Detrás de la cabaña ejecuta a otros seis muchachos. Alguien le avienta a la cabeza un teléfono celular. Corre y dispara contra un grupo que huye a nado o se esconde entre las rocas. Regresa a la cabaña a recargar sus armas. Remata a un herido y a otros tres muchachos escondidos tras una roca.

Retoma el sendero que lo lleva a la punta de la isla más alejada del embarcadero, en el extremo oeste de Utoya, donde disfruta de la belleza del paisaje.

Al pie del sendero un grupo se cubre en un voladizo rocoso del acantilado. Breivik no puede descender lo suficiente y, como puede, dispara y hiere a dos muchachos. Observa una embarcación de rescate y teme estar en el objetivo de un tirador de élite. Decide emprender el regreso, cruzándose con montones de cadáveres.

A las 18:25 se comunica con la policía y pide ser transferido con el líder de las operaciones del grupo Delta.

“Estoy en Utoya (…) Cumplí mi misión, entonces quiero… rendirme”, anuncia.

Breivik pide que se comuniquen con él cuando pueda hablar con esa persona. Un helicóptero se inmoviliza a baja altura. Camina al punto sur de la isla donde hay varios jóvenes arrinconados entre arbustos y agua verdosa. En la orilla de enfrente se ven las torretas de patrullas y ambulancias, mientras lanchas van y vienen.

Se acerca preguntándoles si han visto al asesino, pero no responden. Mata a cuatro y hiere a cinco más. Un niño de nueve o 10 años le implora que no lo mate como a su papá. Breivik recuerda haberlo visto en la recepción cuando ultimó al vigilante.

Se le acerca y le acaricia el cabello; le dice que todo estará bien. El niño grita: “¡Él me ha salvado, él me ha salvado!”. No lo mata porque ronda un helicóptero de la televisora RNK y no quiere ser grabado asesinando a un niño. Decide ir al embarcadero por más municiones.

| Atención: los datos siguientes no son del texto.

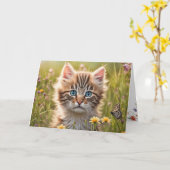 Verjaardagskitten met vlinder kaart (Gele Bloem)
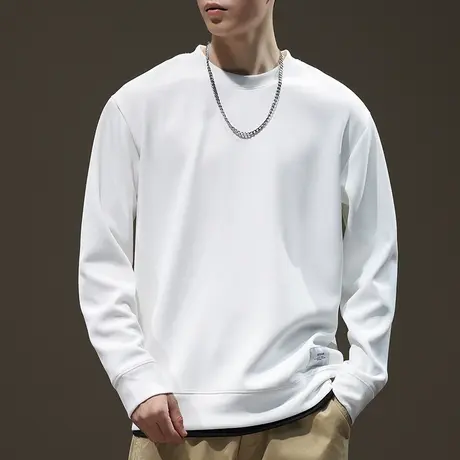 潮牌秋季男装卫衣青少年潮牌男装纯色长袖春秋款休闲潮流圆领卫衣商品大图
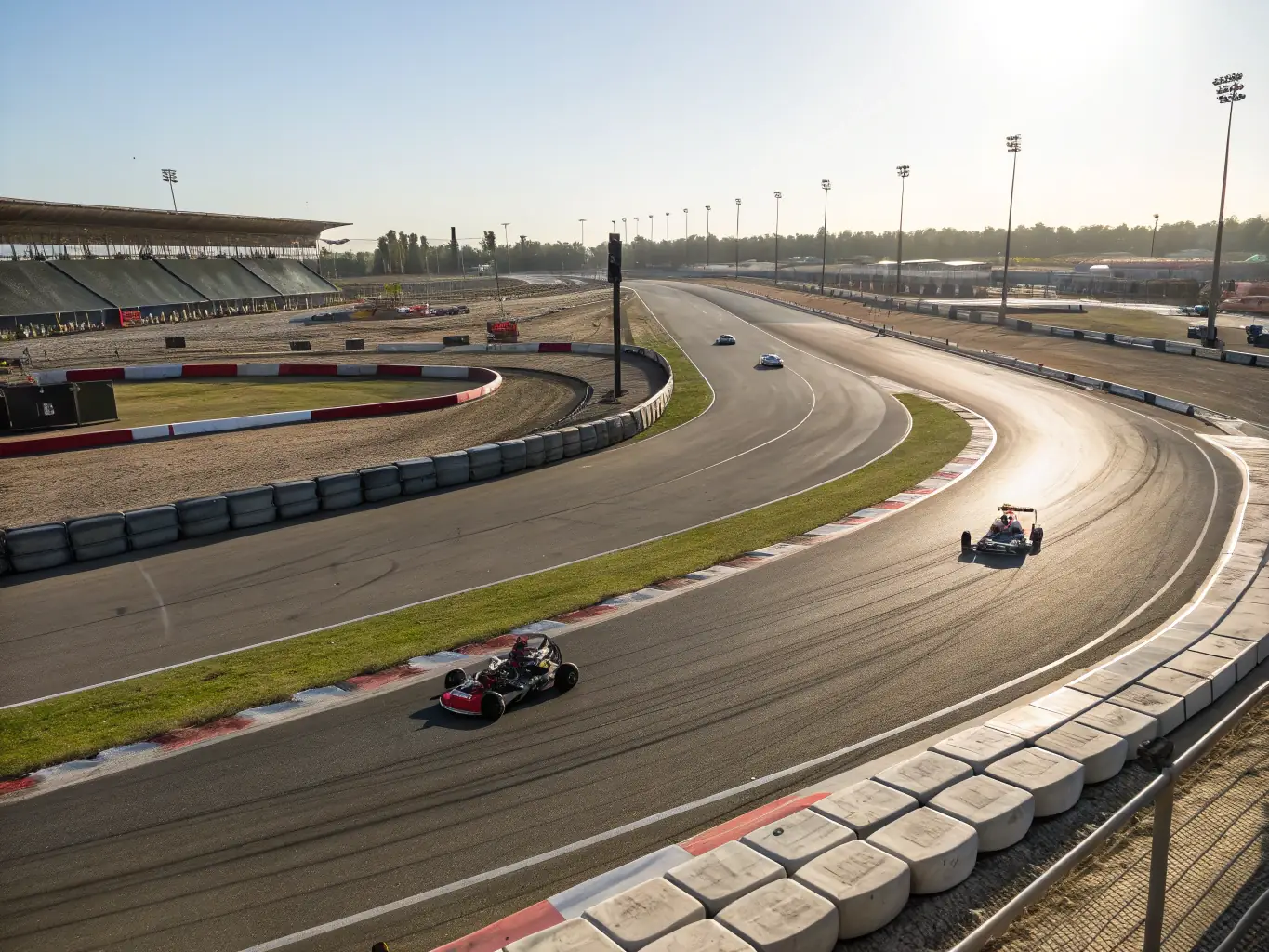 A vibrant image of a well-equipped karting track with safety barriers and professional staff ensuring a secure environment for participants of all ages.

Le quedan nueve balas en el fusil y la Glock está vacía. A la altura de la escuela se encuentra con seis policías. Deja su fusil en el suelo y se aproxima. Le ordenan dejar sus armas. Alza los brazos. Les dice que no está contra ellos sino contra los laboristas y la islamización de Europa. Les sonríe. Un policía lo esposa una hora y 16 minutos después de su llegada a Utoya.